Exact copy, no pictures: set down every entry below as written.

※

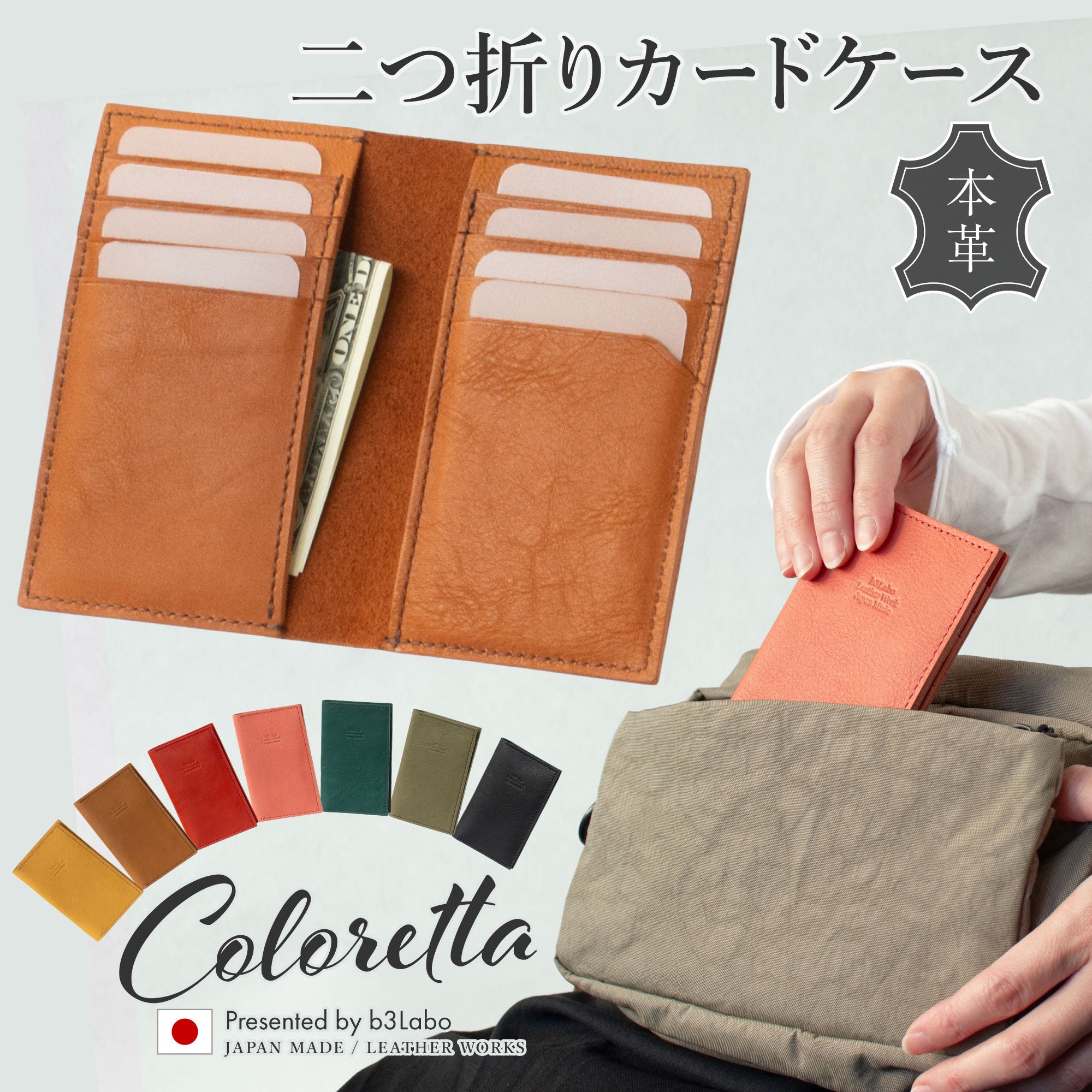 【オリジナルレザー / コロレッタ】 手帳型カードケース ※刻印・カスタム不可 / WC396
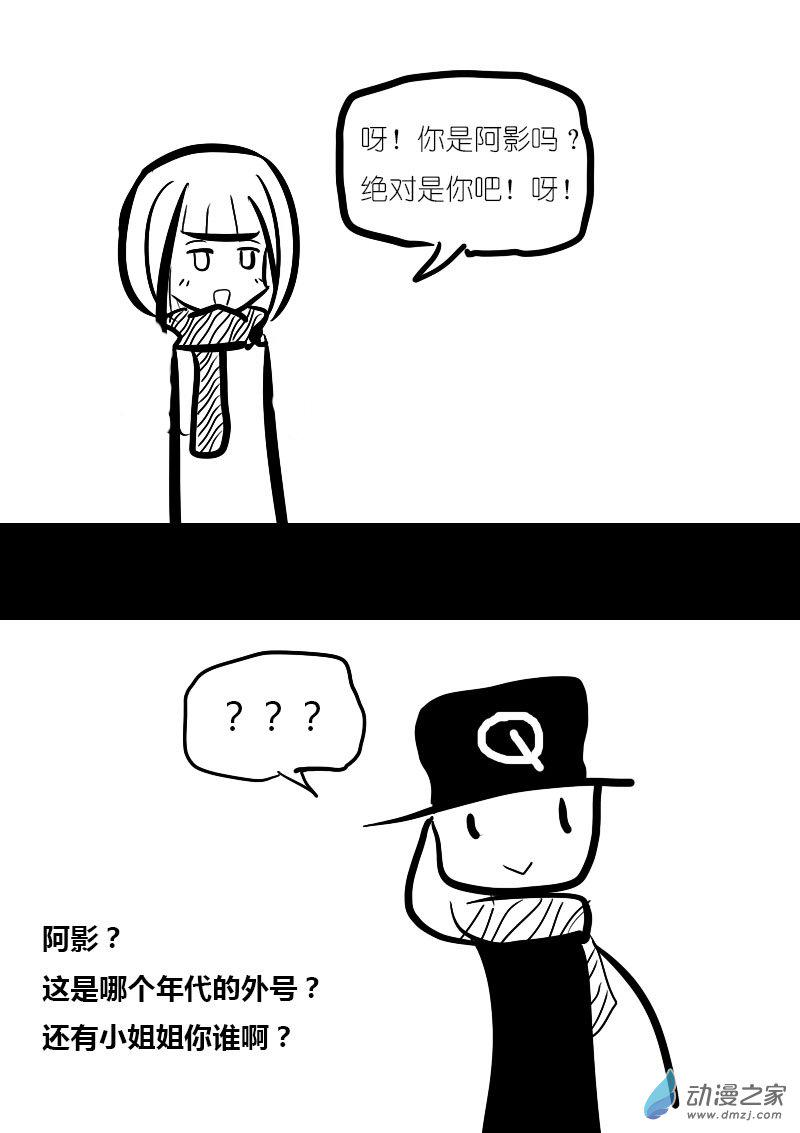 第01话5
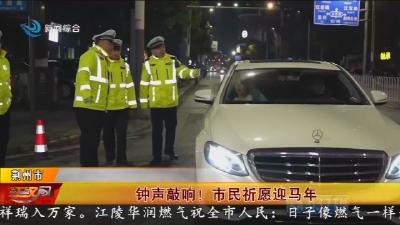 钟声敲响!市民祈愿迎马年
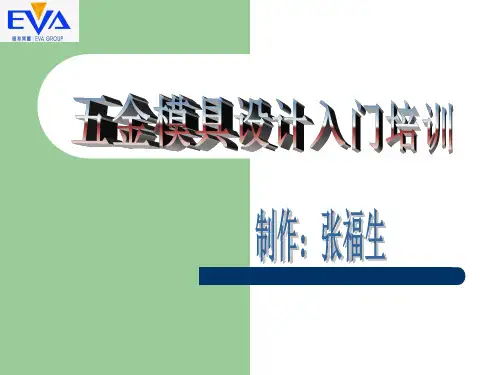 五金模具设计入门培训[6P][211KB]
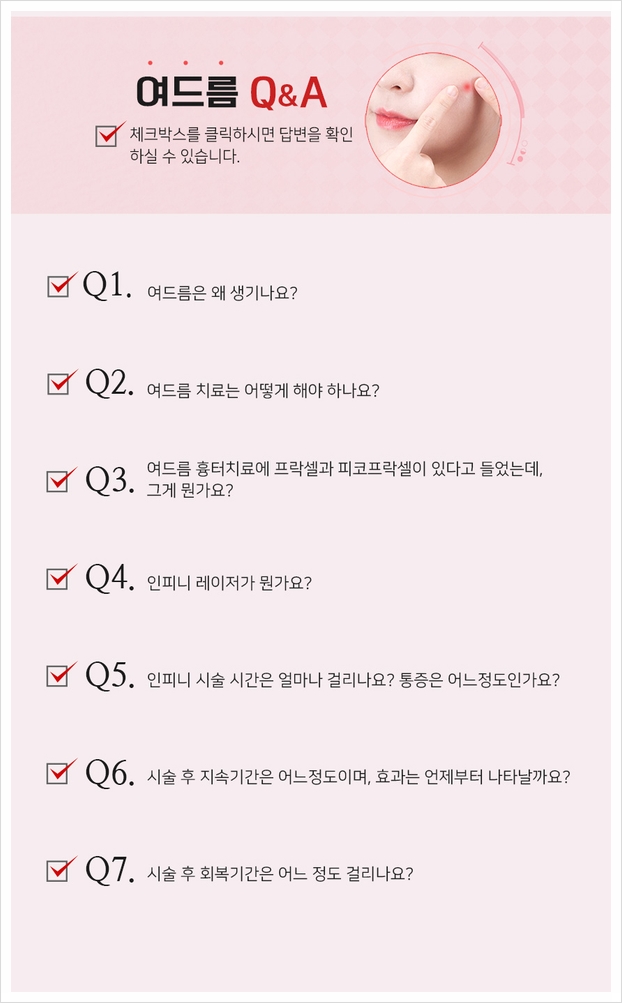뉴케이의원 이미지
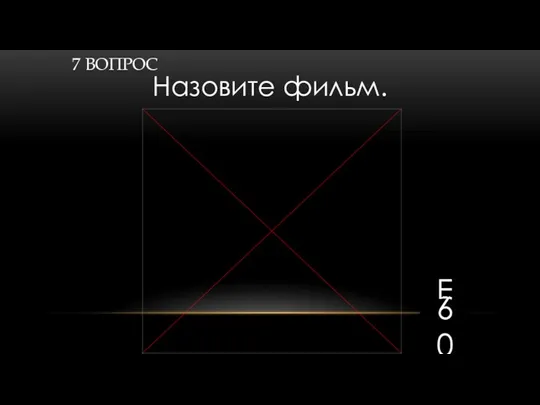 7 ВОПРОС Назовите фильм. End 1 2 3 4 5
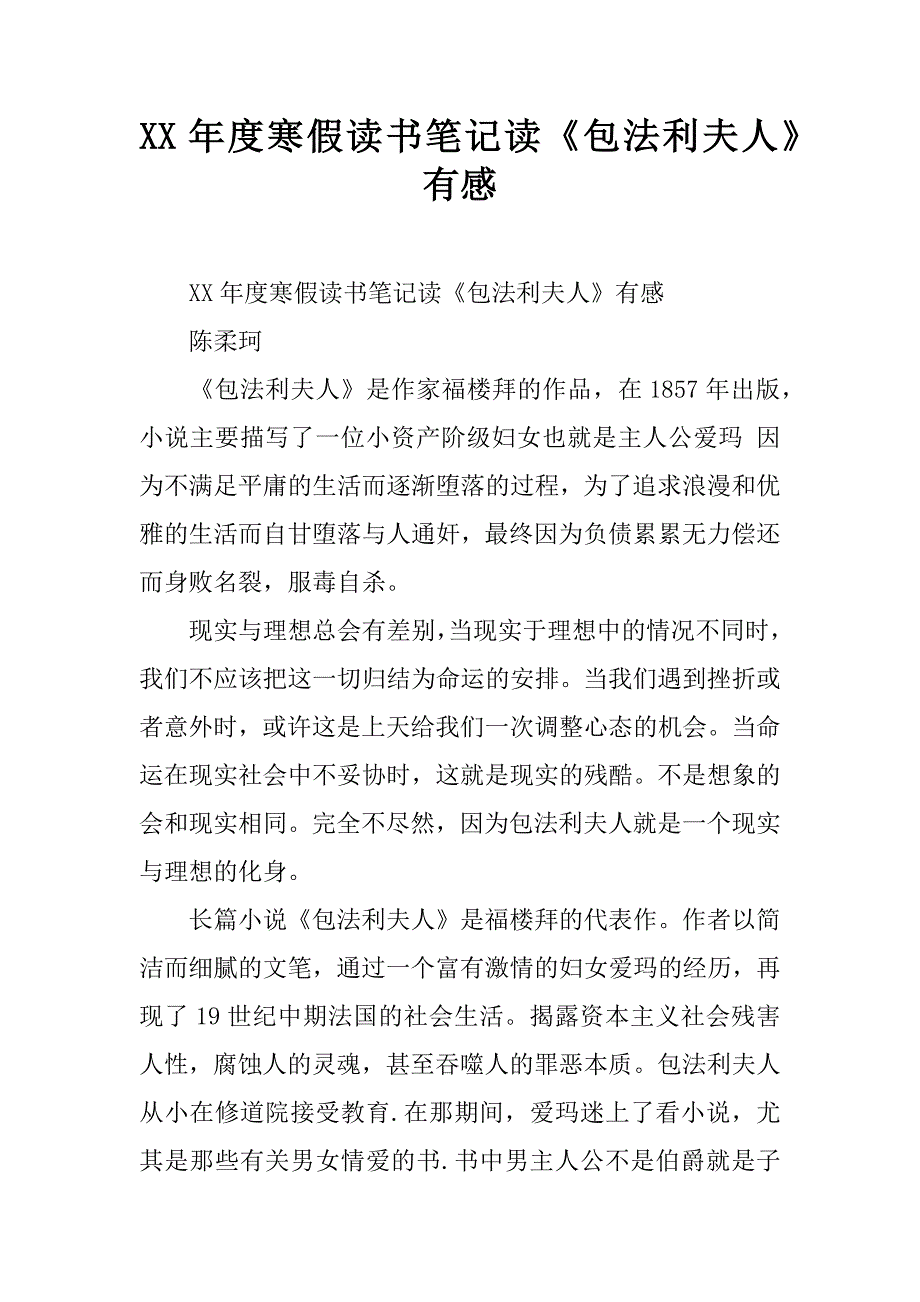 xx年度寒假读书笔记读《包法利夫人》有感.doc_第1页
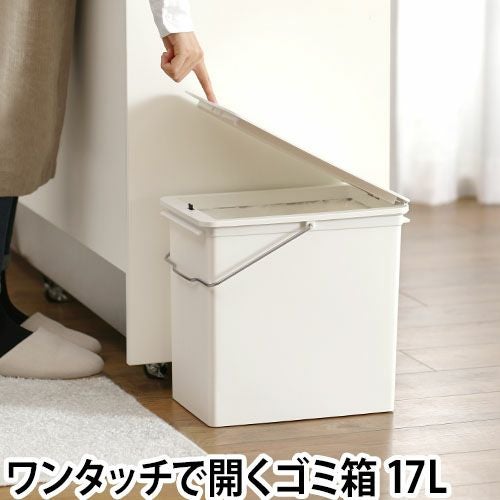 プッシュオープントラッシュビン 17L | セレクトショップ・AQUA（アクア）
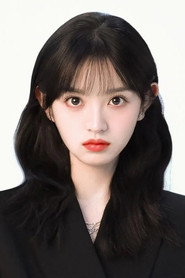 田曦薇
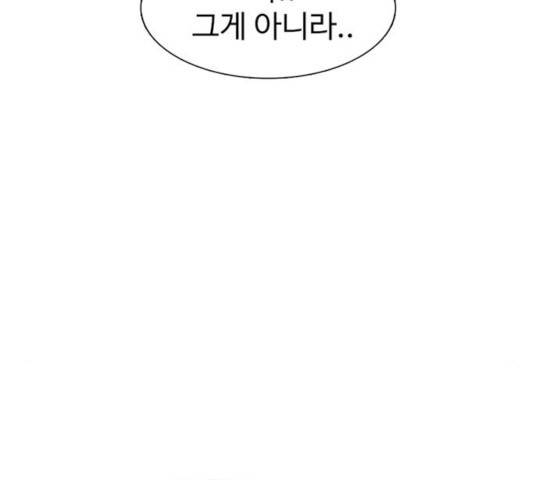 별이삼샵 92화 115
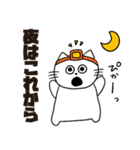スケボーにのったねこ げたまるキャンプ編（個別スタンプ：11）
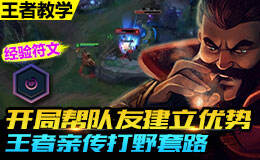 <b>王者教学:开局帮队友建立优势 王者亲传打野套路</b>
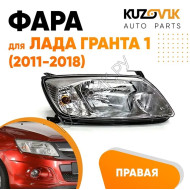 Фара правая Лада Гранта 1 (2011-2018) KUZOVIK
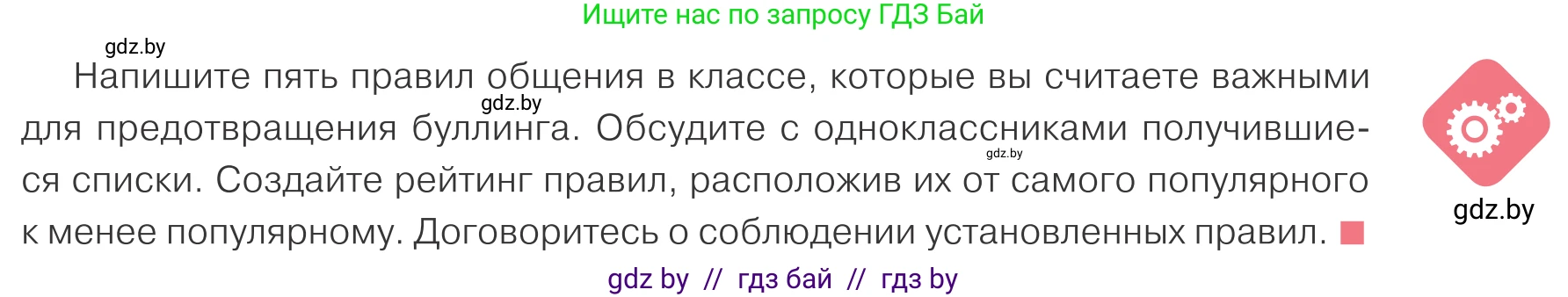 Обществоведение, 9 класс Учебник, авторы: Данилов Александр Николаевич, Полейко Елена Александровна, Кушнер Надежда Васильевна, Бернат Ирина Петровна, Белов А А, Кизима С А, Клецкова И М, Легчилин А А, Солодухо А С, Рубанов А В, издательство Адукацыя i выхаванне, Минск, 2019, жёлтого цвета, страница 79, Условие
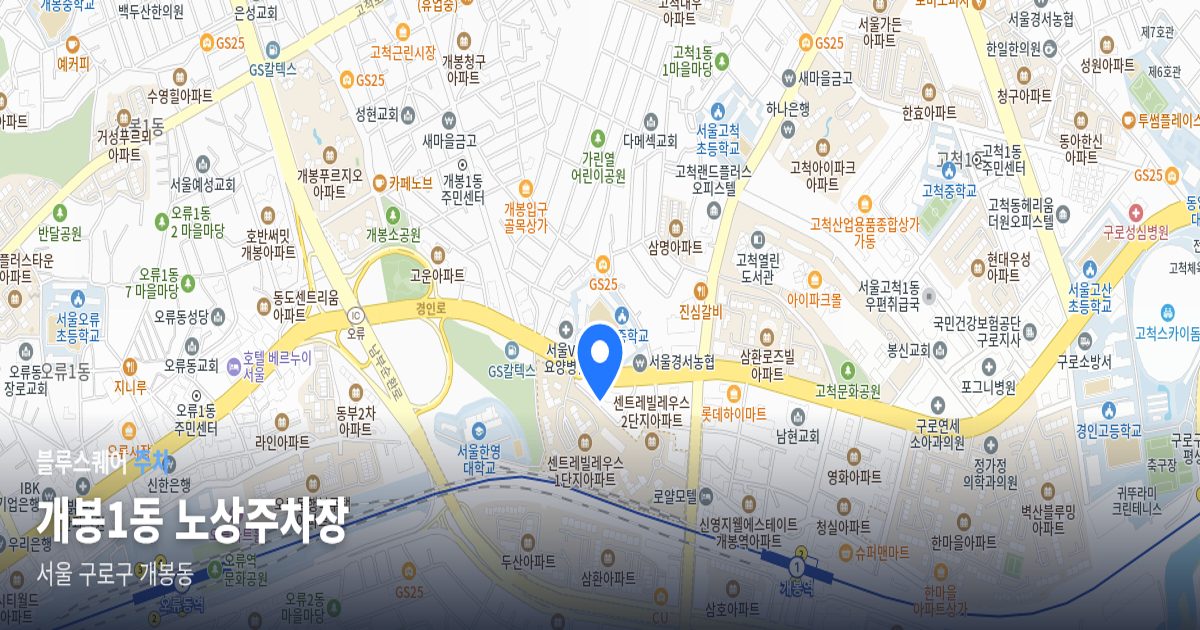 개봉1동 노상주차장 위치 지도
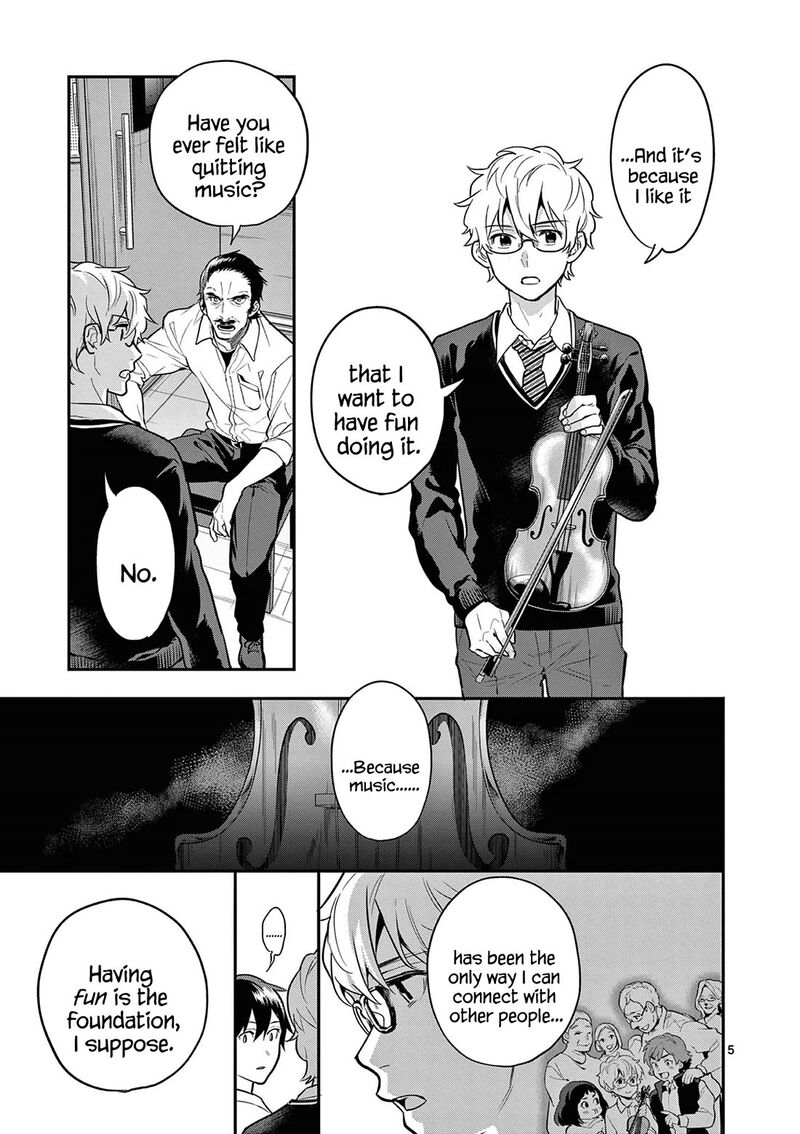 Ao No Orchestra 68 5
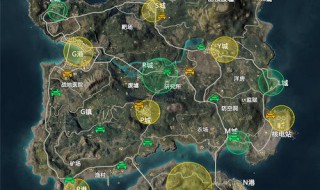 和平精英海岛山洞在哪 和平精英海岛山洞在哪里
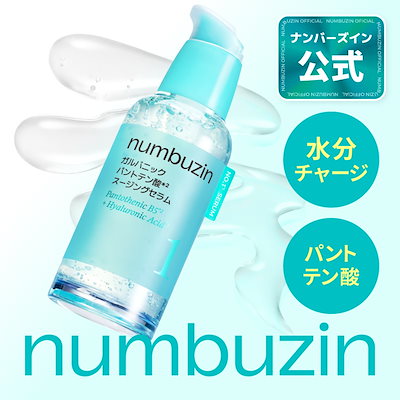 Qoo10] ナンバーズイン 1番 ガルバニックパントテン酸スージング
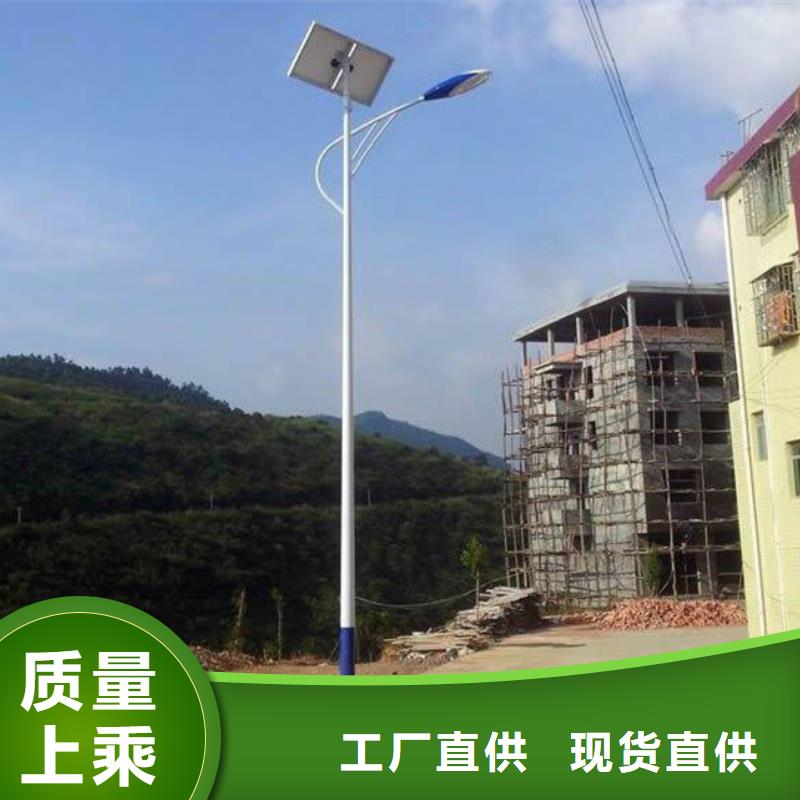 太陽能市電路燈價格價格合理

※

# Result of the task
 【オリジナルレザー / コロレッタ】 手帳型カードケース ※刻印・カスタム不可 / WC396
 第01话5
 钟声敲响!市民祈愿迎马年
 五金模具设计入门培训[6P][211KB]
뉴케이의원 이미지
 7 ВОПРОС Назовите фильм. End 1 2 3 4 5
 xx年度寒假读书笔记读《包法利夫人》有感.doc_第1页
 プッシュオープントラッシュビン 17L | セレクトショップ・AQUA（アクア）
 田曦薇
 별이삼샵 92화 115
スケボーにのったねこ げたまるキャンプ編（個別スタンプ：11）
 <b>王者教学:开局帮队友建立优势 王者亲传打野套路</b>
 Фара правая Лада Гранта 1 (2011-2018) KUZOVIK
 Обществоведение, 9 класс Учебник, авторы: Данилов Александр Николаевич, Полейко Елена Александровна, Кушнер Надежда Васильевна, Бернат Ирина Петровна, Белов А А, Кизима С А, Клецкова И М, Легчилин А А, Солодухо А С, Рубанов А В, издательство Адукацыя i выхаванне, Минск, 2019, жёлтого цвета, страница 79, Условие
 개봉1동 노상주차장 위치 지도
 Ao No Orchestra 68 5
 和平精英海岛山洞在哪 和平精英海岛山洞在哪里
 Qoo10] ナンバーズイン 1番 ガルバニックパントテン酸スージング
 太陽能市電路燈價格價格合理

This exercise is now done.